The Festival Cour des Capucins was first held in 1985, on the initiative of, Marc Olinger, the Director of the Théâtre des Capucins (Luxembourg City), of Christiane Eiffes, then dance teacher at the Luxembourg City Conservatoire, and of Normando Torres, founder of the Festival de la Grand-Place in Brussels. The Festival Cour des Capucins bravely tried to open the door for contemporary dance, which was then new, unusual and often misunderstood. Daring to question gestural vocabulary, young choreographers presented their vision of another culture for choreography. Tentatively, works by the Grand Duchy’s own choreographers were introduced into programmes, enabling audiences to get to know a style of dance that was made in Luxembourg.

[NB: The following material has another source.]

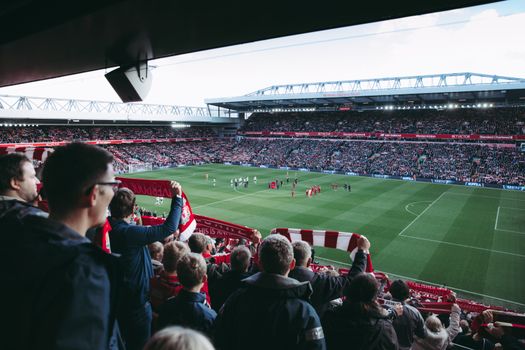 5 urgent reasons liverpool s defense nee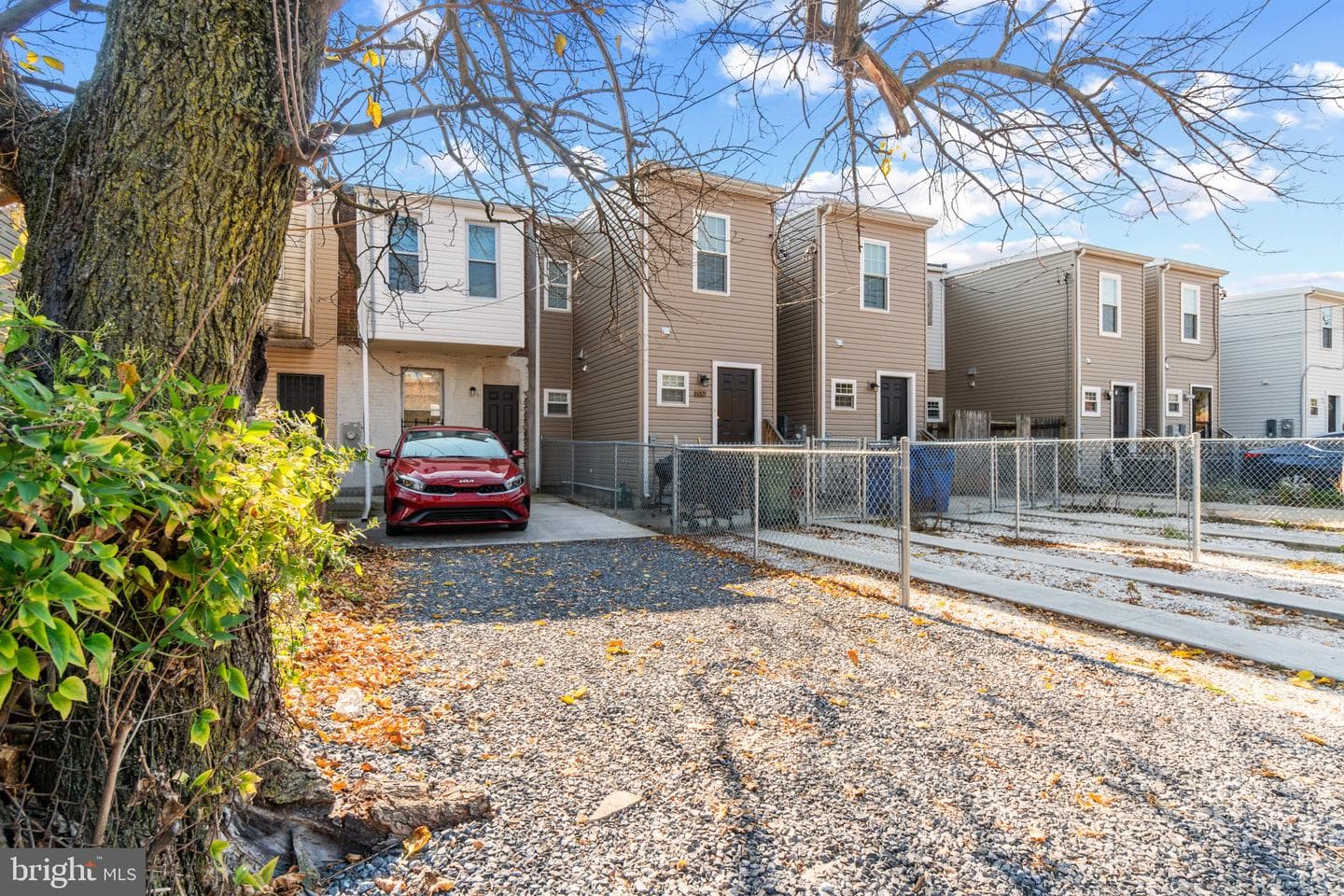 2538 E Eager Street photo 34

In 1994, on the initiative of the Ministry of Culture, the non-profit Théâtre Dansé et Muet (TDM) was created, bringing together different associations, conservatoires and private schools, and festivals under a single umbrella organisation. The intention was to foster synergy between the various people and organisations involved in contemporary dance and physical theatre, and to consolidate the development of choreography within a government-funded organisation.

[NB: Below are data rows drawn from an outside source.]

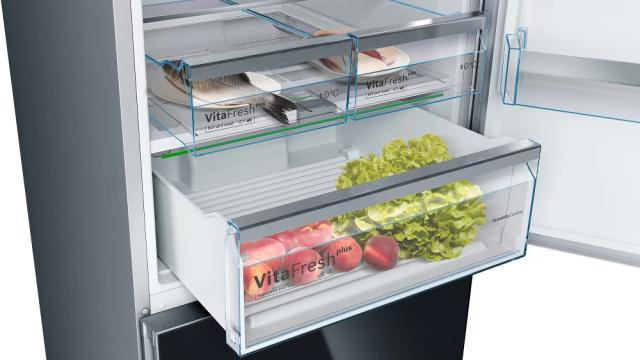 Хладилник Bosch KGN49LBEA SER6 FS fridge-freezer NoFrost, E, 203/70/67cm, 435l(330+105), 40dB, VitaFresh Plus, display, colorGlass Black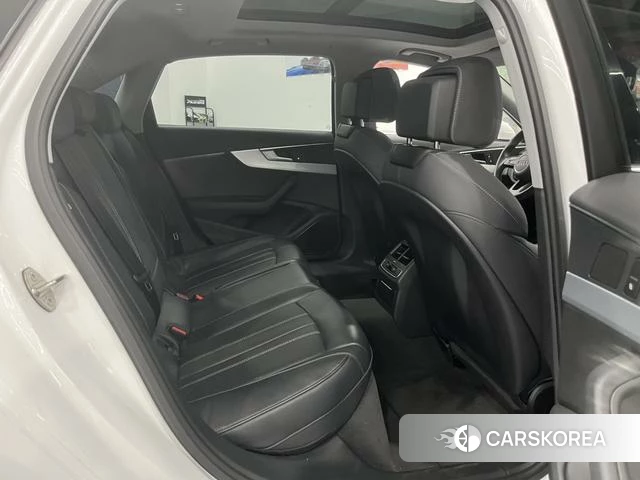 Audi A4L 2023 Белый из Китая, фото 5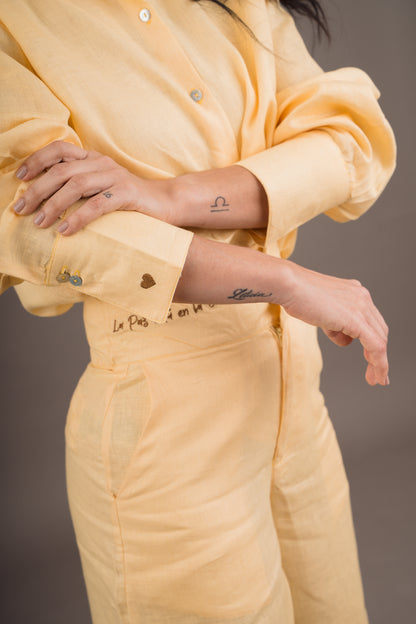Camisa Rostro de Jesús – Amarillo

The first productions of 1995 to 2000 each bore the stamp of one of these choreographers: Malou Thein, Bernard Baumgarten and Jean-Guillaume Weis. The following years would see Annick Pütz, Sylvia Camarda, Anne-Mareike Hess, Gianfranco Celestino, Hannah Ma, Anu Sistonen and Yuko Kominami come onto the scene.

In 2005, after 10 years’ existence, TDM took the step that was required towards the professionalisation of dance: a change of status and a new form of contract with the Ministry of Culture, with TDM becoming the Centre de Création Chorégraphique Luxembourgeois, usually known as “TROIS C-L”. A space dedicated to the creation of new contemporary dance productions, TROIS C-L is now pursuing two key objectives, above all: supporting choreographers and companies based in Luxembourg in their creation processes, and raising public awareness of contemporary dance.

The dance sector today

In the same vein, further proof of the sector’s growth comes from the fact that the major theatres and cultural centres, such as the Luxembourg City Theatres, Esch Theatre, the Kinneksbond in Mamer, Neimënster Abbey, the Mierscher Kulturhaus, the Multi-Disciplinary Cultural Centre (CAPE) in Ettelbrück, the Opderschmelz Regional Cultural Centre (CCR) in Dudelange, Kulturfabrik in Esch-sur-Alzette, Rotondes in Luxembourg and Cube 521 in Marnach, have significantly increased the amount of choreographed shows they put on. This means that over 100 choreographed shows are staged every year, and the list of guest choreographers and companies from outside Luxembourg demonstrates how interested the centres and the public are: Anne Teresa de Keersmaeker, Josef Nadj, Sascha Waltz, Hofesh Shechter, Akram Khan, Mourad Merzouki, Sidi Larbi Cherkaoui, Lloyd Newson, Angelin Preljocaj, Peeping Tom and William Forsythe, among others. As well as all those names, there are also shows by new choreographers from in- and outside Luxembourg. Many of these companies from outside Luxembourg are invited to take up residencies, during which they can finalise their creations, before presenting either a premiere or a preview on Luxembourg stages.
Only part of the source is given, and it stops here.